- [Task prompt] Within the records below is a range that opens at the line with "Nh&aacute;m xếp Abrahd" and closes at the line with "וילה Dejablue Privada". Return that range word for word, both ends included, and only that range.

- [Records provided]
==*==
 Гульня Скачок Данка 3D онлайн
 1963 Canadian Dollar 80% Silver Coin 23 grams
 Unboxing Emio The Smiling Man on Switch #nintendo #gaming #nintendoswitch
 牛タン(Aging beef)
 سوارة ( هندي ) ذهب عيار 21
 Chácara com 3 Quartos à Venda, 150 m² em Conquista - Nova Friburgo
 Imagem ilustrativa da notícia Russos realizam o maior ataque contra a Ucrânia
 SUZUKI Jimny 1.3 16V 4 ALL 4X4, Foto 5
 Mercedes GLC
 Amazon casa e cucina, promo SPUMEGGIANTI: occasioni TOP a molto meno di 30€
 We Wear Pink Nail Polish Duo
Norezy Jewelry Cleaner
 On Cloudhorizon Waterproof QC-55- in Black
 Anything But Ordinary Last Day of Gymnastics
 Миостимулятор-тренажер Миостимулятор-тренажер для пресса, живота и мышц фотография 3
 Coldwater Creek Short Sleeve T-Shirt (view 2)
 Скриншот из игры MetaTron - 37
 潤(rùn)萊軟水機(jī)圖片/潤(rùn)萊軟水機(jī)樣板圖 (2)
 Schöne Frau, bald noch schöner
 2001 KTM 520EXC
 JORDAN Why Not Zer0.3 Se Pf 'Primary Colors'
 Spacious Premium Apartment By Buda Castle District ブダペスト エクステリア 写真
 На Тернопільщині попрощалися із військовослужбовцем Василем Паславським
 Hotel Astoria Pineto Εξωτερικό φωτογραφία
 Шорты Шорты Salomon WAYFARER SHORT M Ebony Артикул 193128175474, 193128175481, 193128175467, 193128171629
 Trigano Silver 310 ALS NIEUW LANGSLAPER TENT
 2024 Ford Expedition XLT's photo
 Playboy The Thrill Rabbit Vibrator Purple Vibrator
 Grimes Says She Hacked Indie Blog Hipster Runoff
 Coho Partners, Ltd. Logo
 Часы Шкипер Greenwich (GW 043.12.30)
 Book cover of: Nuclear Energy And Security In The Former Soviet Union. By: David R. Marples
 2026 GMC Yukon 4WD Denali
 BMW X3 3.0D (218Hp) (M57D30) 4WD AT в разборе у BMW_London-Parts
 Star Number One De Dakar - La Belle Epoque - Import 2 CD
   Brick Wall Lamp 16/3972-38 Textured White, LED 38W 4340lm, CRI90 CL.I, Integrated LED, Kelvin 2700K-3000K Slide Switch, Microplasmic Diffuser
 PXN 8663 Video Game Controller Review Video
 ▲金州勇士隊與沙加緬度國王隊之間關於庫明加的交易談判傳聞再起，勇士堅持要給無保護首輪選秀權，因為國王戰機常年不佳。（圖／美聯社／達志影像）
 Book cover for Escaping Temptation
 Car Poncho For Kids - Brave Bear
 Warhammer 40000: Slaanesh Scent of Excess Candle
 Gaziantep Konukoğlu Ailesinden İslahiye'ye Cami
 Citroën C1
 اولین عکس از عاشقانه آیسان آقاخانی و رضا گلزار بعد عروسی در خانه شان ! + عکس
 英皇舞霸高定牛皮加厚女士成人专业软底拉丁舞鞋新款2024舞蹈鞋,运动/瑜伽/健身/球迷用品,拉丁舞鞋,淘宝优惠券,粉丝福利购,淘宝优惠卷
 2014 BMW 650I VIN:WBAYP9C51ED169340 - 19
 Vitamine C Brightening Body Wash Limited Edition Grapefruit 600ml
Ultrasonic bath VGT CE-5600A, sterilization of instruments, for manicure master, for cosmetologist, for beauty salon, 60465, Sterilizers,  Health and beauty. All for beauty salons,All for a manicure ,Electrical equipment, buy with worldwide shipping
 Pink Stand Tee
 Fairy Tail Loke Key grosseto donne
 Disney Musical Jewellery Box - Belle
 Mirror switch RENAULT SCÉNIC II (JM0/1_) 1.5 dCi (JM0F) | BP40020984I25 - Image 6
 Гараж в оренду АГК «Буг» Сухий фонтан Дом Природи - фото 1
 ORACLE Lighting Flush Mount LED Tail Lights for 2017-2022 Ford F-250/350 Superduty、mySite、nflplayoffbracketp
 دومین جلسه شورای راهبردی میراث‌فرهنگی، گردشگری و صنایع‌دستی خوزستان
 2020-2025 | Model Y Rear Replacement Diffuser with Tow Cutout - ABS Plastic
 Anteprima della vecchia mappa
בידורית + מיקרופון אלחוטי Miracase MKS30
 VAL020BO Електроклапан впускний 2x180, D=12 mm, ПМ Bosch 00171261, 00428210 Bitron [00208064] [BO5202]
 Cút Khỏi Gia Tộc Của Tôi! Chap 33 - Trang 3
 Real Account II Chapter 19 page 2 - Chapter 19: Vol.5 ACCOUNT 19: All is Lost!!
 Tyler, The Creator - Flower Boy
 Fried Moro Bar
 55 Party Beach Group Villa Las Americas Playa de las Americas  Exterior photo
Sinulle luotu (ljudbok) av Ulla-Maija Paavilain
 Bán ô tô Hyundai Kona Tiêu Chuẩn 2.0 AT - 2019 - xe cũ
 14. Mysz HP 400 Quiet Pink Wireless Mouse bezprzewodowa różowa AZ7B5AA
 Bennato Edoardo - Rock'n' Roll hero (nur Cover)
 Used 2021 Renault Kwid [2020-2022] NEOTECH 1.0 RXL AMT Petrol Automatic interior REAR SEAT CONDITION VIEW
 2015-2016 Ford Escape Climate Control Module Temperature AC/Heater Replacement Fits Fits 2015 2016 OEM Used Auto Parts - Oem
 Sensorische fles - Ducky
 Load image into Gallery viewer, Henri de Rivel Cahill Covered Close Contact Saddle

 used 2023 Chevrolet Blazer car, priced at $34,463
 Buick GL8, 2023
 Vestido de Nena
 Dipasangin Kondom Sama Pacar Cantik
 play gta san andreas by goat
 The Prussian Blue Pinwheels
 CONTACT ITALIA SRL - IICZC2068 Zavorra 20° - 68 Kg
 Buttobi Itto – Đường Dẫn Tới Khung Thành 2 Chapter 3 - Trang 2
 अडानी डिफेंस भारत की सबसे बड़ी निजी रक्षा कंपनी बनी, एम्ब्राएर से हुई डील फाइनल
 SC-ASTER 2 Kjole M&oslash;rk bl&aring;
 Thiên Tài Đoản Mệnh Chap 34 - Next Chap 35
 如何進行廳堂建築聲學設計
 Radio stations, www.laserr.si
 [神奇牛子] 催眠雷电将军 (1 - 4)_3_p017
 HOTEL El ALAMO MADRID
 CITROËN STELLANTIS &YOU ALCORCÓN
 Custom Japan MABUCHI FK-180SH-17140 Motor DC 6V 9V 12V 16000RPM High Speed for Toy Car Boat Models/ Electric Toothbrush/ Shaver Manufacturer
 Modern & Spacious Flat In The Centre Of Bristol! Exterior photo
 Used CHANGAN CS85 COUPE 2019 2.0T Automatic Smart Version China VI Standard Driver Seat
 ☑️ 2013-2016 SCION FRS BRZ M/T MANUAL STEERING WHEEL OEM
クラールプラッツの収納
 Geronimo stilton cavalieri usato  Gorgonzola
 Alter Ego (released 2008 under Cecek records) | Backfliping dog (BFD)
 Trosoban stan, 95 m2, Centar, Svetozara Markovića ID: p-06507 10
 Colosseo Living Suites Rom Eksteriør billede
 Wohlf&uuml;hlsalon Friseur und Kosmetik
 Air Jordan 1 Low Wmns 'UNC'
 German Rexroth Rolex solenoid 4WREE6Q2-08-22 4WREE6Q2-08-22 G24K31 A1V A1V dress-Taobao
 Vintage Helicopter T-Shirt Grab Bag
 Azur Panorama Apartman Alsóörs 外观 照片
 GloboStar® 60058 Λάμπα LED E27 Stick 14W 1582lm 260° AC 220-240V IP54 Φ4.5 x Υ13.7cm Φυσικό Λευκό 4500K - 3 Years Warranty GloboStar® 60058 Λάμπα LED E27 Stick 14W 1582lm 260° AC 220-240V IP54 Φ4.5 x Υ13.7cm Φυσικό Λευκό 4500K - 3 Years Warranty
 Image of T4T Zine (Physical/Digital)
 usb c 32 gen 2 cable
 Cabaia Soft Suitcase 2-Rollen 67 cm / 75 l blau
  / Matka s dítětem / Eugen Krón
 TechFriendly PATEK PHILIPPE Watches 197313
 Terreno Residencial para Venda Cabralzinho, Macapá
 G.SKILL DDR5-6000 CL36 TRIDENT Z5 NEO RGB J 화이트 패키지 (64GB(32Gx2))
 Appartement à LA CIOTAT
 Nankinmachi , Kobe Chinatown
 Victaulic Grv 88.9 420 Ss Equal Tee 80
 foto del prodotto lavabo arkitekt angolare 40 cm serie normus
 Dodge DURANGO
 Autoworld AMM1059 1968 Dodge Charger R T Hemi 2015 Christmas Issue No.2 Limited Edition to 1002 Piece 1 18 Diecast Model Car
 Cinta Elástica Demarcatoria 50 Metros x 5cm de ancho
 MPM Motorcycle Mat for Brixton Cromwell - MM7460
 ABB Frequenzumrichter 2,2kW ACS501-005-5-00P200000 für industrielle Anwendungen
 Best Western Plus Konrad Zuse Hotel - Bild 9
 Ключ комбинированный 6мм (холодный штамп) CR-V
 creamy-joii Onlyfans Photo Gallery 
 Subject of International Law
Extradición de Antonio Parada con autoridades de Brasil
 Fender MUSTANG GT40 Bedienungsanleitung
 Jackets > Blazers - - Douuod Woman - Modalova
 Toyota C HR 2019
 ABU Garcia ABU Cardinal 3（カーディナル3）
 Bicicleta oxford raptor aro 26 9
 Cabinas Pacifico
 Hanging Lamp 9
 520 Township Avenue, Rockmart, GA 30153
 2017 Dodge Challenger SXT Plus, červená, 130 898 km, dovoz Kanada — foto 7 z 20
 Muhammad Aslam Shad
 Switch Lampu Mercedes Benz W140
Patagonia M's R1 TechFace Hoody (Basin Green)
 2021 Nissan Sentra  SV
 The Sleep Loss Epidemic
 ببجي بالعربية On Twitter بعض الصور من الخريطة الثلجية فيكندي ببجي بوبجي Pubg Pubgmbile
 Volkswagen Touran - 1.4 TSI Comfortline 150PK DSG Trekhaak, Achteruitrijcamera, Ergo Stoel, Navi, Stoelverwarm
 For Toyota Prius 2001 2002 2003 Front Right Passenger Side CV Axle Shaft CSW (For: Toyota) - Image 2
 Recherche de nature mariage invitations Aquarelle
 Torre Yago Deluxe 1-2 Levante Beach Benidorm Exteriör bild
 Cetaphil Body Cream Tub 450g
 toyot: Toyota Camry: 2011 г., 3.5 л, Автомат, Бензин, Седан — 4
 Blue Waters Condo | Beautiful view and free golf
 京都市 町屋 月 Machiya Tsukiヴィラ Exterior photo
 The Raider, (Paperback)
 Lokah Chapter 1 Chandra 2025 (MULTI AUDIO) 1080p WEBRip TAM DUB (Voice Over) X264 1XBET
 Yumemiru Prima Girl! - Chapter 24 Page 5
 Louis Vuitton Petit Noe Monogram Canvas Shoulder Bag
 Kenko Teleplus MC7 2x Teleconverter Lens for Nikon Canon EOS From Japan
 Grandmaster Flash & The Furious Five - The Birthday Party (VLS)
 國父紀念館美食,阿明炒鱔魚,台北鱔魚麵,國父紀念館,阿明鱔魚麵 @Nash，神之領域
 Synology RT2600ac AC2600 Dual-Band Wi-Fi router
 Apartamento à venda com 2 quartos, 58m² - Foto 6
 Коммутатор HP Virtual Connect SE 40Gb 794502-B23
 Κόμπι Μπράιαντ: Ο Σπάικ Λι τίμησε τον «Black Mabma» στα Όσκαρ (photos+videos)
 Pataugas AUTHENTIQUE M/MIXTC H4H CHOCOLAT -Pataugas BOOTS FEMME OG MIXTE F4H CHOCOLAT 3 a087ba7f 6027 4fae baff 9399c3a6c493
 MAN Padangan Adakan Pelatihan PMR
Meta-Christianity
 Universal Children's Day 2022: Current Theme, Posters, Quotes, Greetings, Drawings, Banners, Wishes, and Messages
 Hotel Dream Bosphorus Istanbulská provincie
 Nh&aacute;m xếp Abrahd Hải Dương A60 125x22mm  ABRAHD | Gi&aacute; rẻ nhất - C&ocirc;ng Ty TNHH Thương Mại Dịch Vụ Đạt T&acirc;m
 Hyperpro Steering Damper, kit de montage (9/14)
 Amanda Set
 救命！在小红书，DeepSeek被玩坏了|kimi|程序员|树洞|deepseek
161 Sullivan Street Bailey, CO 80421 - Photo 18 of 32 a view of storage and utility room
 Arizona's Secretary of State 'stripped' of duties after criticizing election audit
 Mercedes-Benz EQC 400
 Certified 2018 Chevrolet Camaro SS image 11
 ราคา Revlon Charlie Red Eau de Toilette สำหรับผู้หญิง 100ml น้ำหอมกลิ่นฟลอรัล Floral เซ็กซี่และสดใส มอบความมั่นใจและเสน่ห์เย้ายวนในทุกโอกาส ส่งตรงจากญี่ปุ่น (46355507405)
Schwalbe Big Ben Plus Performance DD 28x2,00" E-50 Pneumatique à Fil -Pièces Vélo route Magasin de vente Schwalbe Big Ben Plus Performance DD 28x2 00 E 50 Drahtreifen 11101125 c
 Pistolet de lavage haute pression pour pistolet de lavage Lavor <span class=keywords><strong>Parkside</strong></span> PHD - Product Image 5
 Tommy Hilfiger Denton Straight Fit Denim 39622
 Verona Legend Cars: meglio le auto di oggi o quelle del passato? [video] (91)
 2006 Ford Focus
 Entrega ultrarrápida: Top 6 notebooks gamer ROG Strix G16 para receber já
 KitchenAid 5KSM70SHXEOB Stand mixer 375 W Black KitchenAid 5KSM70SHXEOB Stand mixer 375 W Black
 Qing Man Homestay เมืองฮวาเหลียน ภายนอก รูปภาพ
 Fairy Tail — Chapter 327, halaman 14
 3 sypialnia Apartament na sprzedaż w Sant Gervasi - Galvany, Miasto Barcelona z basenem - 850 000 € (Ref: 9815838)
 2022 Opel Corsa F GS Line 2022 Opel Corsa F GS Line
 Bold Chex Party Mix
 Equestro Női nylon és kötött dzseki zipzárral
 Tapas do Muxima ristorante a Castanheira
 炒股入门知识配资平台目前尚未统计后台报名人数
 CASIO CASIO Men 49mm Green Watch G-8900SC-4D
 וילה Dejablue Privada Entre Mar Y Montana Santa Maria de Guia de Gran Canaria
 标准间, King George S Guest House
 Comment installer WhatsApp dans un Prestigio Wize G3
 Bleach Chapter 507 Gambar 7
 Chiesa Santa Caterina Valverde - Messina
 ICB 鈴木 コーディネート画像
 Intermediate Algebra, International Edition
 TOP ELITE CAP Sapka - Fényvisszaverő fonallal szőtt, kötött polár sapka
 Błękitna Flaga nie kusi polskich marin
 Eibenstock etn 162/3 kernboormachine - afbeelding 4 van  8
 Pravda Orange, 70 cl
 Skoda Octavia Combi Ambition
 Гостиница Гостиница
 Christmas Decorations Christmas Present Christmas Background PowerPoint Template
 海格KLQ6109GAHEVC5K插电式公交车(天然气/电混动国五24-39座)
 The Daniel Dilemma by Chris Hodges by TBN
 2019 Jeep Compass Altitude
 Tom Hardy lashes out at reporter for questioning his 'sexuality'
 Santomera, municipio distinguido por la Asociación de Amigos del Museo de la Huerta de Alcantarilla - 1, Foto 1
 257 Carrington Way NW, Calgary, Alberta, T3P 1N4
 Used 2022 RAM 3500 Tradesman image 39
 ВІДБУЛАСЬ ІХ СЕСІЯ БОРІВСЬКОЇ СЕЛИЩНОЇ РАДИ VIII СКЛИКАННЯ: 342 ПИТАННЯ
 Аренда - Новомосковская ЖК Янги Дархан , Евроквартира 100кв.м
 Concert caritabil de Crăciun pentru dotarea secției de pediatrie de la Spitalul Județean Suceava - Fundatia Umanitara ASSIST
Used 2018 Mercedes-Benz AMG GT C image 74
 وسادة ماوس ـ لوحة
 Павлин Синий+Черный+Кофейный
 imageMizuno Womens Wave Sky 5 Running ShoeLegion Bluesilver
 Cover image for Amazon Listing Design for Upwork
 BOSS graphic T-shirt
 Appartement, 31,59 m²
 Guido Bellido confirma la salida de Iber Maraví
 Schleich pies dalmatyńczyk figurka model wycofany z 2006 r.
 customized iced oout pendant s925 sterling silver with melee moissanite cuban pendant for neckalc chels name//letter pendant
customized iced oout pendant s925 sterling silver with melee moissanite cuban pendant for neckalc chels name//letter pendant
==*==
- [Answer to this exercise]
 Nh&aacute;m xếp Abrahd Hải Dương A60 125x22mm  ABRAHD | Gi&aacute; rẻ nhất - C&ocirc;ng Ty TNHH Thương Mại Dịch Vụ Đạt T&acirc;m
 Hyperpro Steering Damper, kit de montage (9/14)
 Amanda Set
 救命！在小红书，DeepSeek被玩坏了|kimi|程序员|树洞|deepseek
161 Sullivan Street Bailey, CO 80421 - Photo 18 of 32 a view of storage and utility room
 Arizona's Secretary of State 'stripped' of duties after criticizing election audit
 Mercedes-Benz EQC 400
 Certified 2018 Chevrolet Camaro SS image 11
 ราคา Revlon Charlie Red Eau de Toilette สำหรับผู้หญิง 100ml น้ำหอมกลิ่นฟลอรัล Floral เซ็กซี่และสดใส มอบความมั่นใจและเสน่ห์เย้ายวนในทุกโอกาส ส่งตรงจากญี่ปุ่น (46355507405)
Schwalbe Big Ben Plus Performance DD 28x2,00" E-50 Pneumatique à Fil -Pièces Vélo route Magasin de vente Schwalbe Big Ben Plus Performance DD 28x2 00 E 50 Drahtreifen 11101125 c
 Pistolet de lavage haute pression pour pistolet de lavage Lavor <span class=keywords><strong>Parkside</strong></span> PHD - Product Image 5
 Tommy Hilfiger Denton Straight Fit Denim 39622
 Verona Legend Cars: meglio le auto di oggi o quelle del passato? [video] (91)
 2006 Ford Focus
 Entrega ultrarrápida: Top 6 notebooks gamer ROG Strix G16 para receber já
 KitchenAid 5KSM70SHXEOB Stand mixer 375 W Black KitchenAid 5KSM70SHXEOB Stand mixer 375 W Black
 Qing Man Homestay เมืองฮวาเหลียน ภายนอก รูปภาพ
 Fairy Tail — Chapter 327, halaman 14
 3 sypialnia Apartament na sprzedaż w Sant Gervasi - Galvany, Miasto Barcelona z basenem - 850 000 € (Ref: 9815838)
 2022 Opel Corsa F GS Line 2022 Opel Corsa F GS Line
 Bold Chex Party Mix
 Equestro Női nylon és kötött dzseki zipzárral
 Tapas do Muxima ristorante a Castanheira
 炒股入门知识配资平台目前尚未统计后台报名人数
 CASIO CASIO Men 49mm Green Watch G-8900SC-4D
 וילה Dejablue Privada Entre Mar Y Montana Santa Maria de Guia de Gran Canaria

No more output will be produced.